On the earnings front, a number of major companies, including Caterpillar (CAT), Eli Lilly & Co. (LLY), EMC Corp. (EMC), US Airways Group, (LCC), Ford (F), PepsiCo (PEP) and Boeing (BA), will announce quarterly earnings before market hours. Visa (V), Western Digital (WDC), Qualcomm (QCOM) and Facebook (FB) are to announce their earnings after markets close Wednesday.
Markit Economics' flash Purchasing Managers' Index, or PMI, for the manufacturing sector in the month of July, is scheduled to be released at 9 a.m. Eastern time. The index, which measures the activity level of purchasing managers in the manufacturing sector, is expected to show a reading of 52.5 in July, up from the 51.9 recorded in June. A reading below 50 indicates contraction.
European markets were trading higher Wednesday, as investor sentiments were buoyed after flash PMIs for the euro zone's manufacturing and services sectors beat expectations. The 17-nation eurozone's manufacturing PMI for July came in at 50.1 compared to 48.8 in the previous month. The services PMI registered a reading of 49.6 compared to 48.3 in June.
Germany's manufacturing PMI came in at 50.3 in July, up from 48.6 in June while the nation's services PMI was at 52.5 in July, up from 50.4 in June. Meanwhile, in neighboring France, while the PMIs stayed in contraction territory, they showed a slowdown in the pace of contraction with the country's manufacturing PMI recording 49.8 in July, up from 48.4 in June while France's services PMI was at 48.3 in July, up from 47.2 in June.

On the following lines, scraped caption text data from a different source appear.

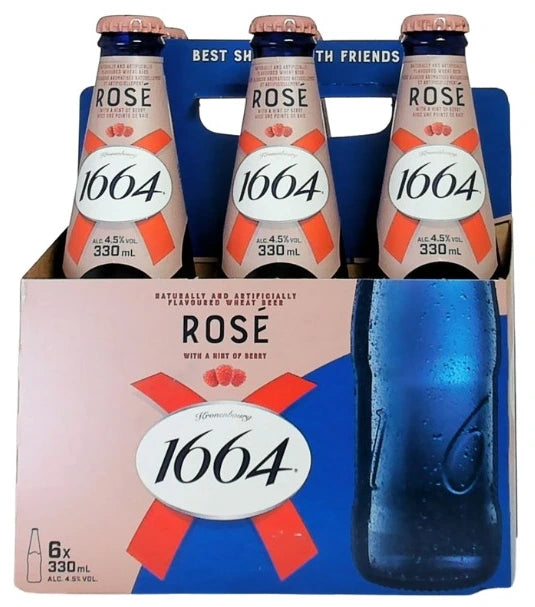 KRONENBOURG 1664 ROSE 330ML 6PK BT @ St. Albert [1005275]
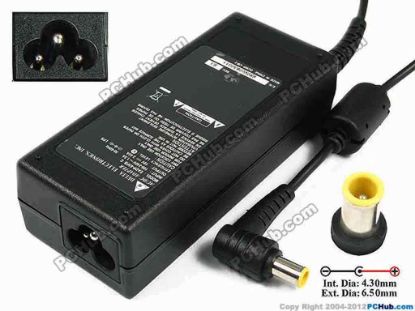 77862 Delta Electronics EADP-65FB C AC Adapter- Laptop 19V 3.42A, 6.5/4.3mm With Pin, 3-Prong Delta Electronics EADP-65FB C AC Adapter- Laptop <div>In stock now ready to ship in 24 hours.&nbsp;</div>
<div><br />
</div>
<div>Model: EADP-65FB C</div>
<div><br />
</div>
<div>INPUT: 100-240V~1.5A, 50-60Hz&nbsp;</div>
<div>OUTPUT: 19V 3.42A 65W</div>
<div>Connecter size: Int. Diameter: 4.30mm&nbsp;</div>
<div>Ext. Diameter: 6.50mm</div>
<div><br />
</div>
<div><br />
</div>
<div>Dimensions: 108 X 46 X 30 mm</div>
<div><br />
</div>
<div>*Please take note, 3 wire AC power cord not included.</div>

The Stoxx Europe 600 index rose 0.6 percent, London's FTSE 100 was up 0.7 percent, Germany's DAX-30 was up 0.6 percent and France's CAC-40 was trading up 0.9 percent.
In China, HSBC's Flash Manufacturing PMI for July, released Wednesday, showed that the manufacturing sector of the world's second-largest economy contracted for a third-straight month and at its quickest pace since last August.
The preliminary reading of the survey for July at 47.7 -- an 11-month low -- was against market expectations for the PMI to hold steady at 48.2, and China's Shanghai Composite index fell 1.3 percent after the news in mid-morning trade, but trimmed losses to end down 0.5 percent. However, the PMI data failed to significantly impact other markets in the region as the disappointing numbers sparked hopes that Beijing would launch stimulus measures soon.
Hong Kong's Hang Seng Index closed up 0.2 percent while South Korea's KOSPI Composite index ended up 0.4 percent and Australia's S&P/ASX 200 gained 0.4 percent.
India's BSE Sensex was trading down 1.2 percent in late-afternoon trade Wednesday, after the Reserve Bank of India took measures to tighten liquidity in the banking system to arrest the rupee's free fall against the dollar. In Japan, the Nikkei lost 0.3 percent after the yen strengthened against the U.S. dollar.
Earlier on Wednesday, Japan reported a 7.4 percent jump in exports helped by a weaker yen, which has depreciated more than 27 percent against the dollar during the past year. However, the data disappointed markets as analysts had expected exports to grow by 10.3 percent.